We’ll see shortly if the Bank realizes that this is simply not the sort of information the Act is designed to protect, and makes a virtue of necessity, setting up a new protocol for the regular release of this information with a modest lag. In fact I suspect they will decide to fight the issue anyway, relying on the delay (apparently shortening) in the Ombudsman’s processes to try to fend off disclosure for a while longer. If so, it will reinforce a line I’ve used previously: we have a central bank quite happy to be open and transparent about stuff they know almost nothing about (what the OCR might be a couple of years hence) and not at all happy about being open (despite the law) about things they do know about, such as the policy processes they use in coming to decisions.

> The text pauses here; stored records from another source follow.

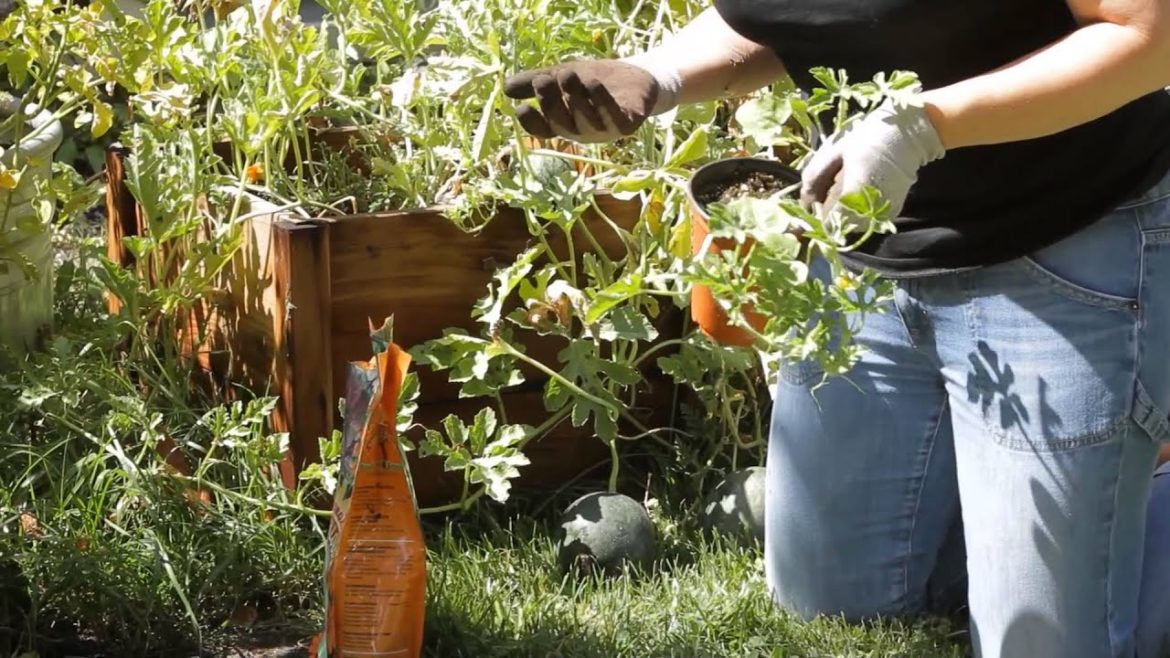 How to Grow Watermelon in the Backyard : Garden Space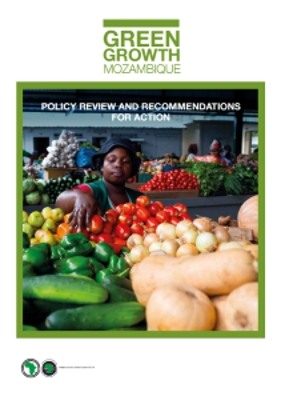 Relatório do BAfD recomenda criação de um Fundo de Investimento Verde em Moçambique
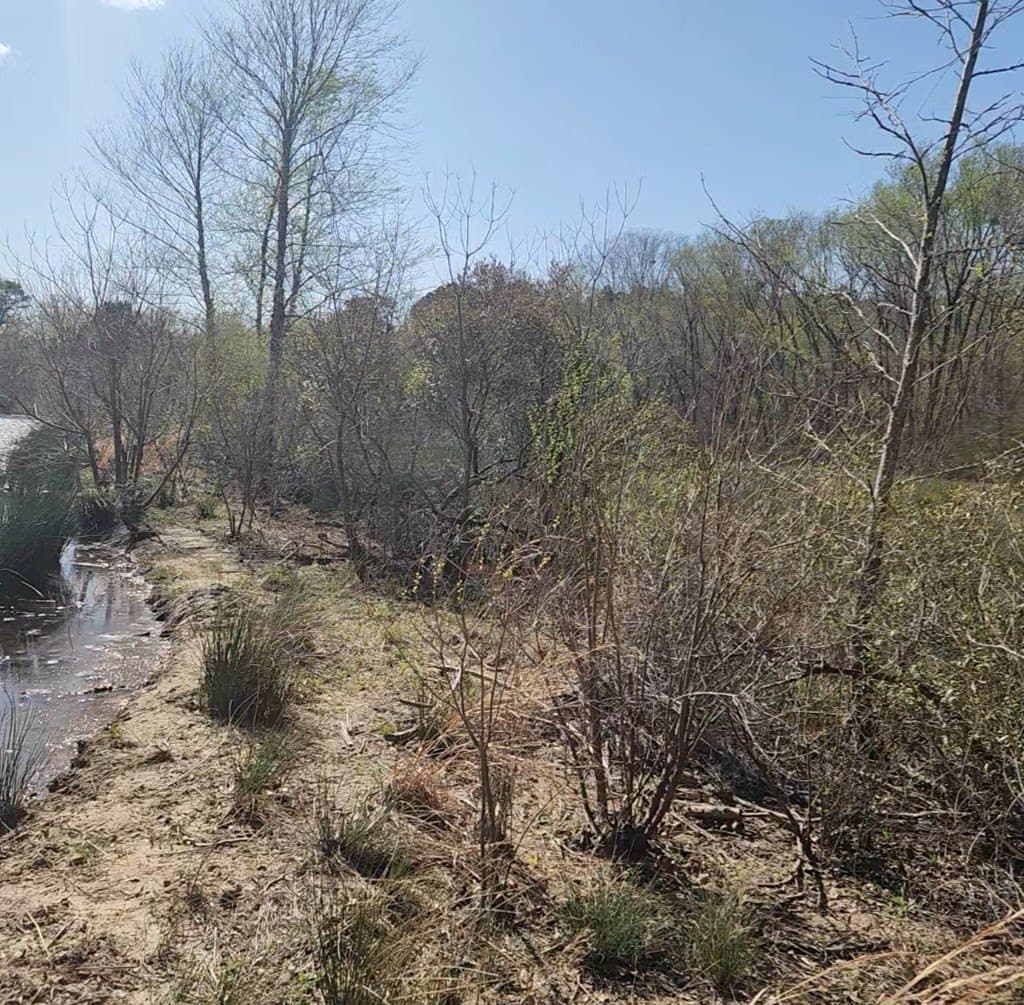 73.51 acres in ANDERSON County - photo 41
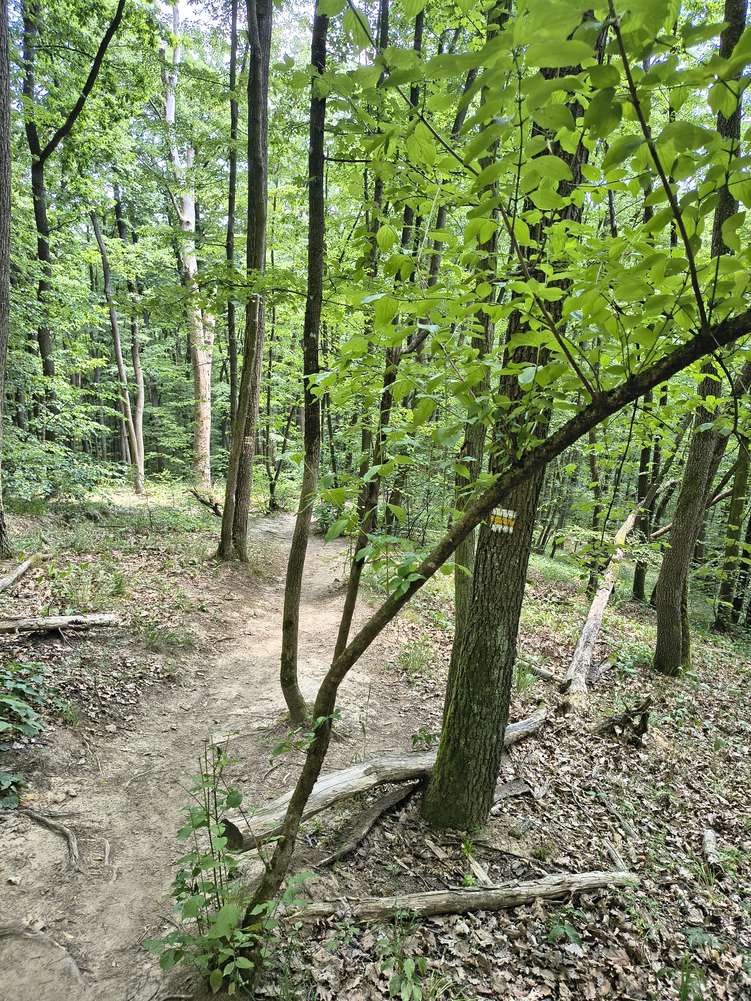 Značená lesní stezka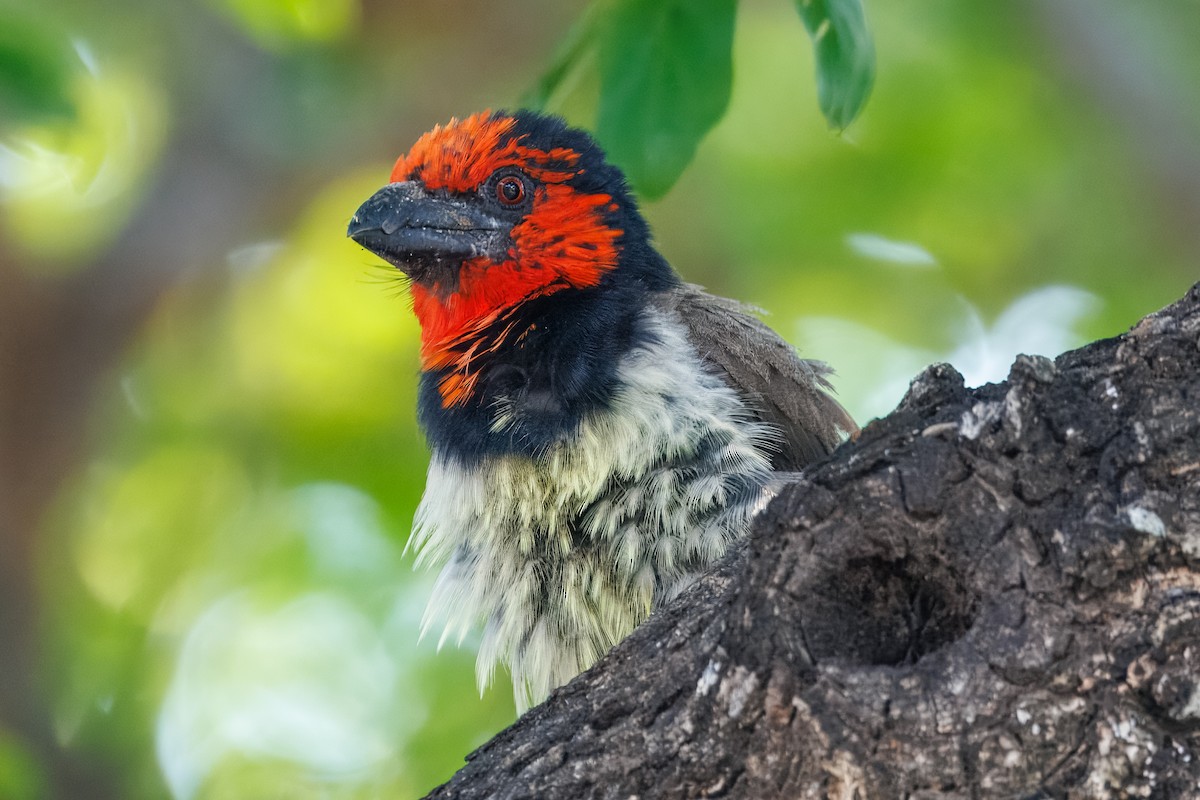 Black-collared Barbet - ML646588567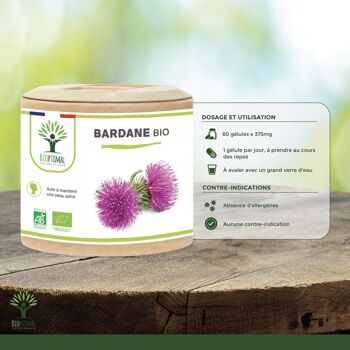 Bardane Bio - Arctium Lappa - Complément alimentaire - Santé de la peau Digestion - Racine de Bardane Pure - Fabriqué en France - Certifié Ecocert - gélules 7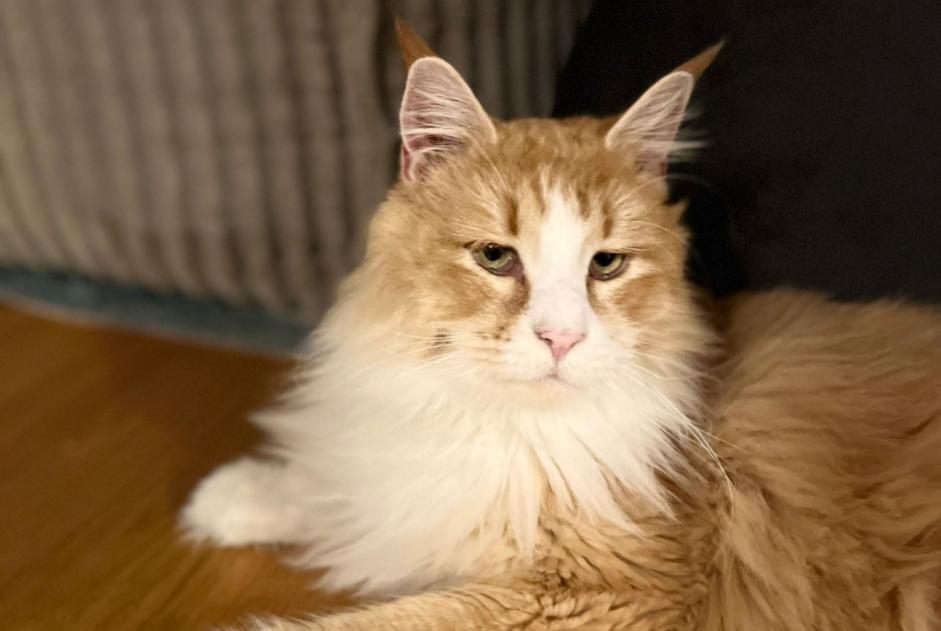 Disappearance alert Cat  Male , 2 years Burgdorf Switzerland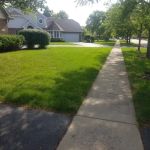 R & R Yard Design Inc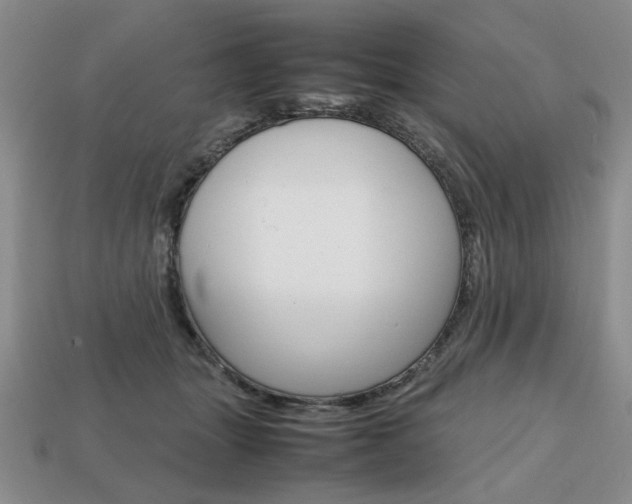 X0000113850463200909241008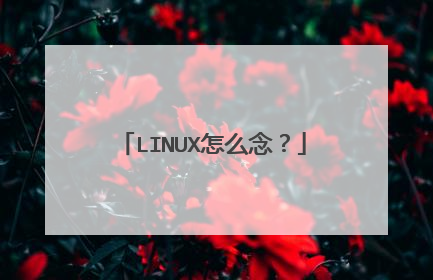 LINUX怎么念?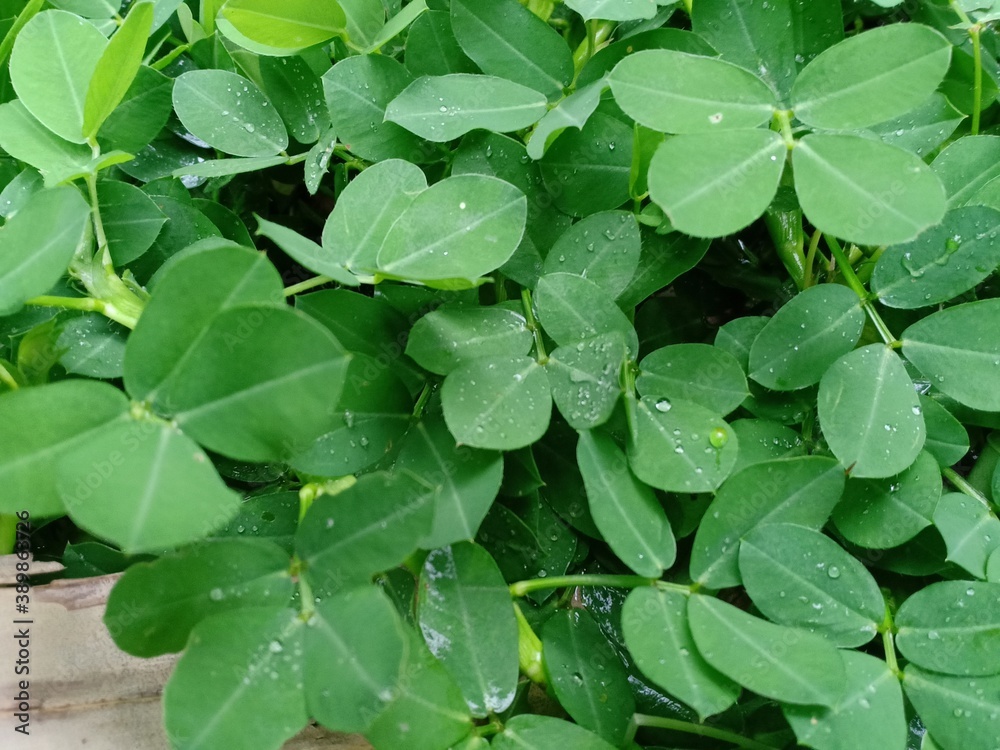 Arachis pintoi Arachis pintoi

I will write about the response when I receive it. You might wonder about why I devoted so much space to the issue today. The answer, at least in part, is to try to look at the issue in a relatively detached way, against both the statutory provisions and a former insider’s sense of what might, or might not, be strong arguments. Sometimes the Bank’s responses to OIA requests simply annoy me, and my initial comments might be flavoured by a tinge of emotion/irritation. In this post, I’ve tried to look for the arguments they might use, all the time half hoping that, albeit somewhat belatedly, they might finally choose to (follow up on the Governor’s one-off openness) and take some structural steps towards greater transparency.
And why does it matter? The request was partly a matter of principle. I believe that this information should be a matter of public record, once the relevant OCR decision has been released. But I also chose my dates carefully. From the middle of 2013 (a time when I was still part of the advisory group) the Bank was preparing the ground for its ill-fated 2014 tightening cycle, which was only belatedly reversed over the period since June 2015. I think we have a right to understand whether the Governor was acting alone, whether he has unanimous support from his advisers, and when any material divergences of view began to open up. The last few years have been a somewhat inglorious episode in New Zealand’s monetary policy (and for the Reserve Bank), and the Board has done little to provide effective transparent accountability. Fortunately, the Official Information Act is there to allow citizens to pose their own questions, with a presumptive right to access to official information to enable them to evaluate the performance of powerful officials and their agencies.